Verso una nuova Repubblica
La divisione e l’equilibrio dei poteri in una democrazia, il loro controllo, sono fondamentali, anche il ruolo di equilibrio e garanzia costituzionale fin qui svolto dal presidente della Repubblica verrebbe drasticamente ridotto, il resto sono balle. Il parlamento verrebbe ridotto a “guardia del pretorio” del governo, con buona pace dell’articolo 67 della Costituzione.
Proporre la modifica di pochi articoli della Costituzione, come ha fatto il governo, per non dare troppo nell’occhio non deve ingannare; le modifiche sono di fondo, al punto che il governo non si cura delle contraddizioni che verrebbero iniettate nella Costituzione del 1948, del resto l’obiettivo dichiarato è andare oltre: verso una nuova Costituzione e una nuova Repubblica.
Le opposizioni debbono opporsi a questo disegno di svuotamento della Costituzione democratica, anche se questo parlamento ha una maggioranza di destra e difficilmente si potrà impedire l’approvazione di un progetto che si configura come il quadro politico-istituzionale in cui Giorgia Meloni e il suo mondo potranno sentirsi a loro agio senza più l’ingombro della Costituzione democratica ed antifascista.
Il ruolo delle opposizioni
Per farlo le opposizioni debbono chiedersi se oltre a difendere e attuare la Costituzione attuale non sia necessario riconoscere che la scelta del maggioritario non ha dato buona prova perché costringe a trovare un accordo politico prima delle elezioni.

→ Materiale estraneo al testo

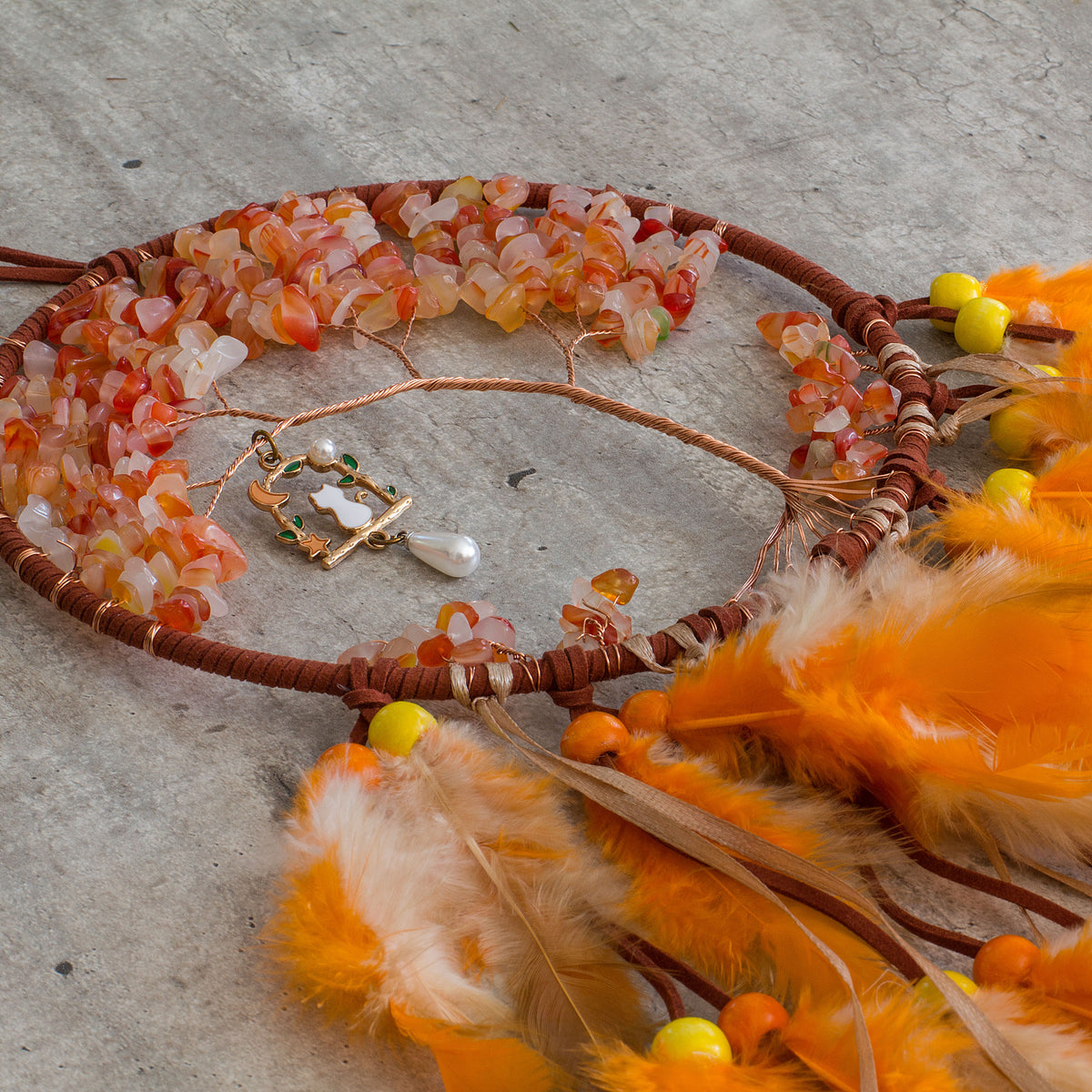 Red-Aventurine-Orange-Dream-catcher - Just the words dream and catcher in one sentence resonates in my soul as a belief that is possible to dream then catch that dream to make it a reality. Weather we day dreaming or night time dreaming the thought of it becoming a reality are far to fascinating to ignore, especially if there is even the slightest truth to the century old beliefs of Native Americans.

Il sistema tedesco è fondato sul parlamento ma prevede che i partiti si presentino con il loro volto e solo dopo le elezioni cerchino un accordo su un programma. Lo hanno fatto e sta tenendo.
Perché insistere che l’accordo va fatto prima per conquistare la maggioranza? Può essere una via obbligata come per le regioni a causa delle leggi elettorali o per le elezioni nazionali e abbiamo visto nel 2022 il risultato disastroso di una mala gestione delle opposizioni, ma una scelta è un altro discorso.
Per contrastare l’astensionismo e riportare a votare chi oggi non lo fa occorre far decidere agli elettori chi li deve rappresentare, mentre oggi conta solo la fedeltà ai capi.
Ripristinare un rapporto diretto tra eletto ed elettore e un proporzionale sul modello tedesco può consentire di risalire la china dell’astensionismo, che insieme alla capacità di presentare credibili alternative potrebbe consentire di dare respiro al No all’elezione diretta del presidente del Consiglio, con la proposta di fare eleggere agli elettori direttamente deputati e senatori.
I gruppi dirigenti torneranno a formarsi sulla base della capacità di gestire le diversità e di essere credibili. Del resto questo è il governo che applaude ogni volta che saltano le scelte europee più innovative sull’ambiente e lo sviluppo, perché gli elettori non dovrebbero capire la differenza, naturalmente bisogna proporla e forse anche a destra il clima potrebbe cambiare.